The second half of the series saw Jonah Hex get transported to the present, where he would continue to have wacky adventures. Despite how ludicrous it sounds, the execution was fantastic. By the time the series was ready to wrap up with Issue #34, it was an undisputed critical darling. The final issue, drawn by the late, great Darwyn Cooke, is one of the finest of the entire New 52 era.
4. The Omega Men
While he’s gone on to much bigger successes like Vision and Mister Miracle, Tom King’s first big splash came in this amazing 12-issue series. While DC did flirt with cancelling the title, fan outcry ultimately resulted in lasting through its planned conclusion. The result is one of the best – if not the best – Kyle Rayner stories ever written.
All of the hallmarks of a great Tom King story can be found here. The 9-panel page structure. The deliberate, rhythmic dialogue. The quotes in the final panel which encapsulate the issue’s theme. The focus on trauma. While those other titles are the ones to take home awards, there’s no denying that Omega Men has a well-earned spot right next to them.
3. Sword of Sorcery
The odds were stacked against this fantasy title from the get-go. An unproven writer. An obscure protagonist. An unreliable genre. A price point higher than most of DC’s other books. Despite these hurdles, Sword of Sorcery managed to squeeze an immensely satisfying story out of its 8-issue run (well, the #0 makes it technically 9). Writer Christy Marx and artist Aaron Lopresti’s fantasy book is full of great character-work and world-building. Ditto for the backup feature about Beowulf by Tony Bedard and Jesus Saiz.

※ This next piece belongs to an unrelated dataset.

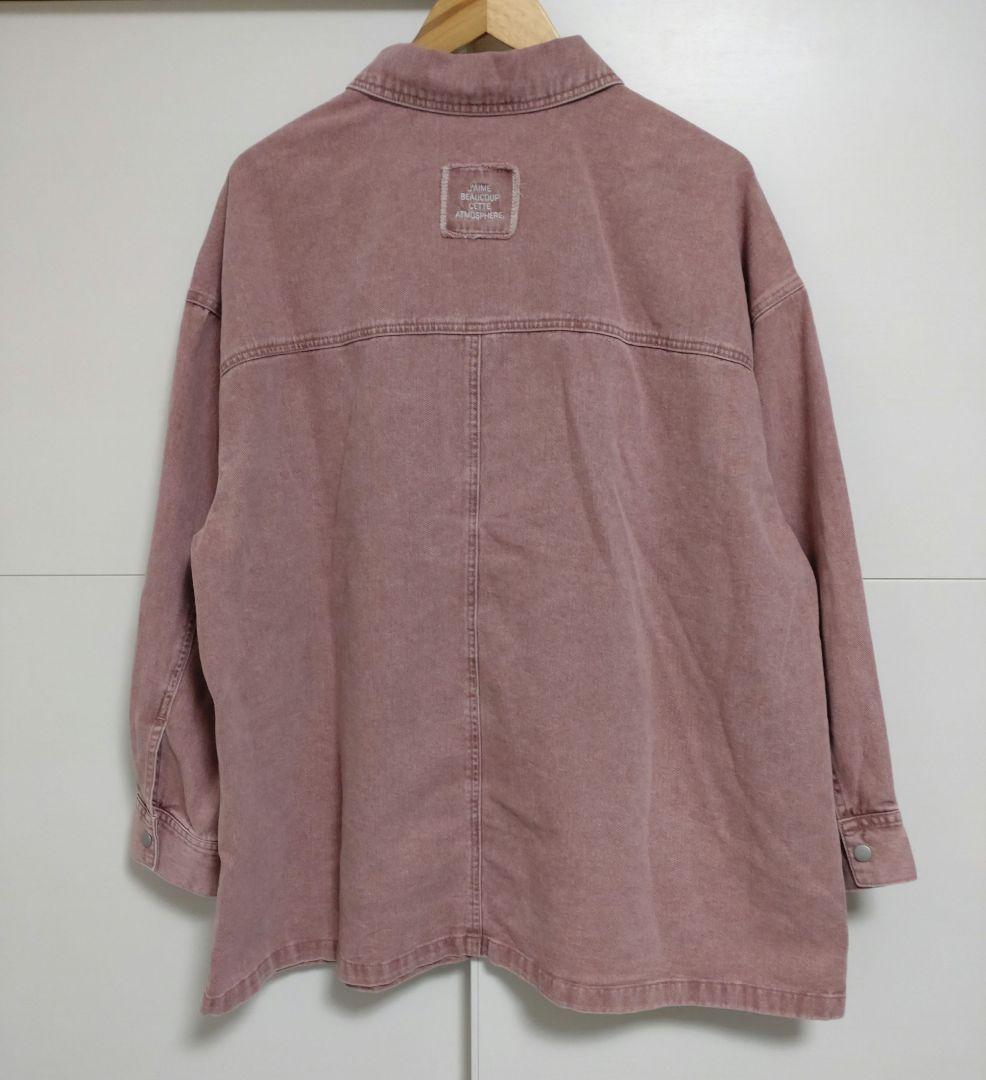 【今季★人気完売】レプシィム フリンジパッチ／BIGデニムシャツ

Perhaps the most notable element of Sword of Sorcery was its inclusion of John Constantine. While the Hellblazer had already been incorporated into the DC Universe, and to the chagrin of most readers was a neutered version of the character, Marx and Lopresti did their best to keep him the rife bastard of the Vertigo days. In the end, Sword of Sorcery managed to at least wrap up in a satisfying fashion, making it a true gem in DC’s library.
The premature cancellation of Prez is one of the biggest crimes of the New 52 era, because the series itself was oh-so-good. The revival of a relatively obscure 1970s comic, Prez told the story of a teenage President elected by a Twitter as a write-in vote because she was the meme of the week. It sounds outlandish and downright stupid, but Mark Russell and Ben Caldwell made it work due to razor-sharp scripts and wonderful, cartoonish art.

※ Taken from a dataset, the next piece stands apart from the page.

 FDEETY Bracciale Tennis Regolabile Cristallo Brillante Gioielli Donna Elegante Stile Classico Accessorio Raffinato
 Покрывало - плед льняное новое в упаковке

Despite the protests of its dozens of readers (as well as the good word of Dan Didio), the twelve-issue series was reduced to six. I like to think there’s an alternate universe where readers were able to experience the full 12-issues of Prez. But if there is a silver-lining, DC did have enough faith in Russell’s abilities for him to come back for the excellent Flintstones and Exit Stage Left: The Snagglepuss Chronicles.
1. Dial H
Arguably the most bizarre title of the bunch Dial H revelled in its weirdness. Written by novelist China Mieville and illustrated by Mateus Santoluouco, Dial H revived the 1970s’ Dial H for Hero with a heavy dose of black comedy and social commentary. Mieville’s tight scripts addressed some peculiarities of the premise, including the idea of a working phone booth in present times and how the H-Dial has evolved over time.
Although humorous, Dial H also has a penchant for body horror, which is a great showcase for Mateus Santoluouco’s abilities. With twisted contortions and peculiar growths each time Nelson Jent used the H-Dial, Santoluouco makes each grotesque oddity eye-catching and captivating. It’s not surprising that he would go on to become a fan-favorite artist of IDW’s TMNT. In the end, Dial-H exemplified the best of what the New 52 sought to accomplish.